No.24 Life studio Shonan

 

 

人間の「目」はとてもよく出来ている。

 

改めて、人の目についてそう感じました。

見た物に瞬時に焦点を合わせ、その物への距離感や肌触り、そしてぬくもりまでをも脳に伝え感じさせてくれる「目」。

この先、どれほど文明が発達しようが人の目を越えるカメラやそれに値するものなど生まれはしないでしょう。

でもそんな目にも一長一短があります。

それは、「カタチとして残せないこと」です。

人の体にプリンターが繋がっているわけでもないので、思い出という記憶が脳内に刻まれるだけで物として残す事は出来ません。

だから、物として残したいというその想いがあったからこそカメラが誕生し、写真があるのでしょうね。
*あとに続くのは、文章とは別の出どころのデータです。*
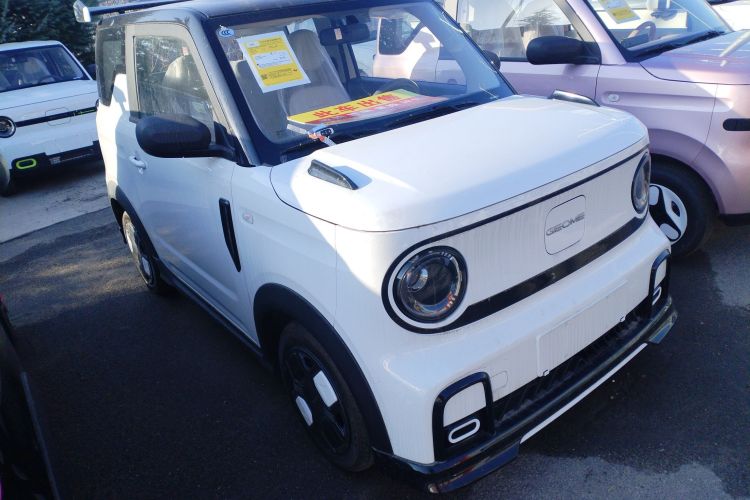 吉利银河 2025款 210km 熊猫卡丁车身外观3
とは言ってもやはり人の目の方が優れてはいますが、カメラというか「レンズ」にしか持ち合わせていない「力」があります。

 

それが、

 

レンズという「 トンネルを抜けた世界 」

 

人の目は視野が広く、広いが故に色々なものを見てしまい、感じているようで感じられていないことも多くあります。

でも、長いトンネルを通って見ることでその感じられないことをより深く感じることが出来ます。

この日もそうでした。

 

途中、少々不安な表情を浮かべた彼女は迷い無く「ママという安心」に向けて歩み寄りました。

もう赤ちゃんの頃からずっと親しくさせていただいているご家族。

今まで、泣いたりぐずったりもありました。

でもその度、ご両親のぬくもりがその降り注ぐ雨を止ませてくれました。

それは子供たちにとってみれば何にも代え難い「安心」。

ですが、自らが近づいてしまうとその安心を崩してしまいかねない。

そこで私たちは長いトンネルをくぐります。

そのトンネルをくぐったからこそ、私たちの気持ちだけが二人のそばに近寄ることが出来ました。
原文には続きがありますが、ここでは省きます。